(Problem to work on): Everything before the line containing "a back road" is to be left out; repeat that line and all lines after it exactly, to the end of the data.

--- Data below ---

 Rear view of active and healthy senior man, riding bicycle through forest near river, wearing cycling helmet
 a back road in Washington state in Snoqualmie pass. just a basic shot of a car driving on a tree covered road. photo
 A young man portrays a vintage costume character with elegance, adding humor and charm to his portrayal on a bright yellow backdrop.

---

(Response to this task):
 a back road in Washington state in Snoqualmie pass. just a basic shot of a car driving on a tree covered road. photo
 A young man portrays a vintage costume character with elegance, adding humor and charm to his portrayal on a bright yellow backdrop.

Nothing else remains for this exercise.